Unified memory #5898

ClericerQ · 2024-04-21T09:58:18Z

ClericerQ
Apr 21, 2024

Hey everyone,

Is there an integrated way to use Unified Memory to share system RAM with the graphics card for loading larger models (NVIDIA Cuda)? I'm aware that this might reduce performance, but the alternative—using the CPU—is not an option. With the CPU, I get only 1-3 tokens/s, compared to 30 tokens/s normally. Even if Unified Memory reduces it to 10 tokens/s, it's still much faster than using the CPU.

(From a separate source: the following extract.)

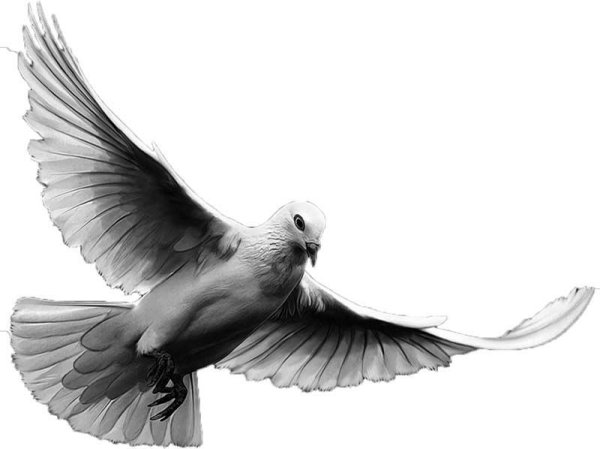 Голубь мира раскраска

viperwasp · 2024-04-21T16:00:04Z

viperwasp
Apr 21, 2024

I believe so. In fact is that not what BLAS is? Run a GGUF model on llama.cpp as Model Loader. Make sure you also toggle on Tensorcores if applicable. Set n-gpu-layers so somewhere around 10-25 I usually find depending on the model in question. It will load into your GPU memory and then offload into system RAM/CPU. I suggest never letting your Video Memory get more than 98% full. Try to aim for 90-93% while the model is running and generating a response. If it gets to 99% or 100% it can freeze etc. If that happens lower n-gpu-layers by 1 until it never maxes out video memory etc.

It's a lot slower than GPU only but I can run 70B on my 4080 still only at about 2K context. Maybe 4k? And on smaller models I can enjoy 8-32K context.

Now for how to set this all up? It may be a bit complicated. I don't know how much the auto installer does these days but even a year ago I had to do most of it manually. Guides here or there for it in these Discussions. You likely have to install other programs and I think you must have nvidia GPU too.

1 reply

viperwasp Apr 21, 2024

#2774
Here this may not be the only link you need to read. But it at least will expose you to some of what you need to do etc. It may have changed. You need the correct versions for Visual Studios, Nvidia Toolkit. Find a guide that goes though that. If anyone who is a pro is reading this and some of it is pointless now. Maybe automated into the initial installer. Just let us know. lol Blas still works for me I've not had to set this up on a new PC.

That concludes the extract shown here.